A few months ago, I jumped back into the dating scene— the culture most people are so eager to flee from, and with good reason. Dating culture within the Millennial generation is a goddamn mess.
If you do a google search about dating today, you’ll see an insane number of articles discussing everything from “What To Do If He Ghosts You” to “How To Keep His Interest After The First Date”. It’s ridiculous.
When I first started dating again, it was strange. Nothing quite stuck, and most of the connections I made with people faltered by the end of the night. However, a few weeks in I met someone who I thought was relatively charming; he was ambitious and intelligent— the kind of person you would want to keep around and share successes with.
We went on one date. It didn’t go well. The connection wasn’t immediately there, but I wanted to give it a second shot.
So, I texted him and he replied cordially. I could tell that he wasn’t interested, but I wanted him to tell me outright. This sluggish back-and-forth went on for a couple of weeks, until I received this message from him:
“I had a lot of fun too, but here’s the problem: I recently decided to move back to New York, and I’ll most likely be leaving at the end of the month.”
Flash forward to two months later. I had been on a number of hit-or-miss dates, and I’d forgotten about that man altogether. I honestly believed that I would never see him again. Following my usual routine, I hit up karaoke with a few of my friends. At the bar, I saw someone I very vaguely recognized.
He’s with a date, and decidedly not in New York— unless New York and Wisconsin miraculously merged overnight to become one nonadjacent Super State. I was livid. How could someone be so spineless?
Before this night, I would have said that ghosting is the most cowardly thing someone could do when dating— but I was wrong.
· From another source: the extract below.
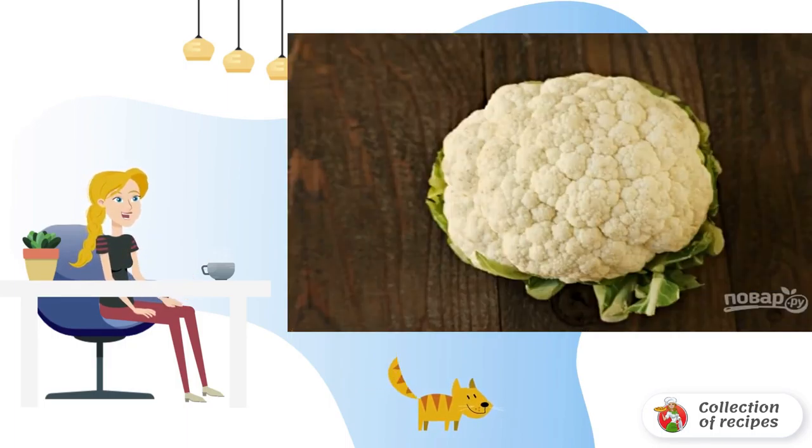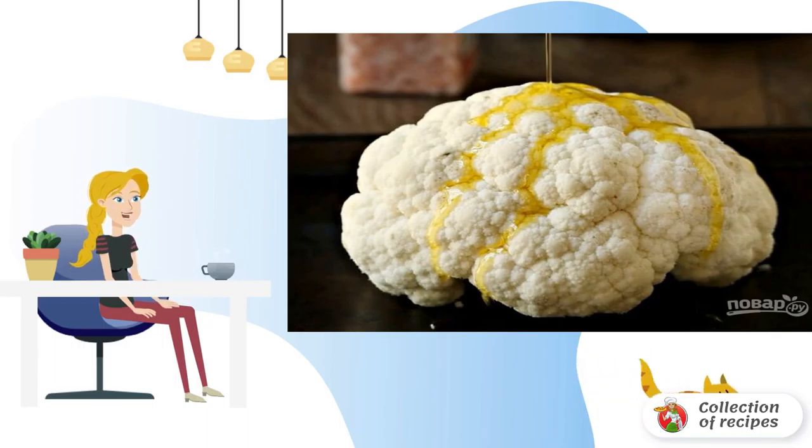Step 1: Wash the cabbage, dry it, carefully remove the leaves, and preheat the oven to 180 degrees. Step 2: Place on a baking sheet and drizzle with olive oil. Add a little salt and pepper to taste.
Lying is the worst thing you can do.
I am the type of person who will tell someone, ‘No, I don’t want you to buy me a drink’— the type of person who will plainly say, ‘I’m sorry, I’m just not attracted to you.’ I would rather worry less about bruising someone’s ego than pandering to their feelings to avoid conflict.
However, not everyone is like that. Most people tend to let situations fizzle out— leading others on or ghosting them until they take the hint. I’ve been that person in the past. I’ve unintentionally strung people along for the ride, but when I realized what I was doing: I shut it down.
Situations like these feel like a terrible inevitability within our dating culture— but they aren’t. They’re avoidable. Games and power plays in the dating scene don’t need to exist. When people are honest about their feelings— and most importantly, when people are brave: These games disappear.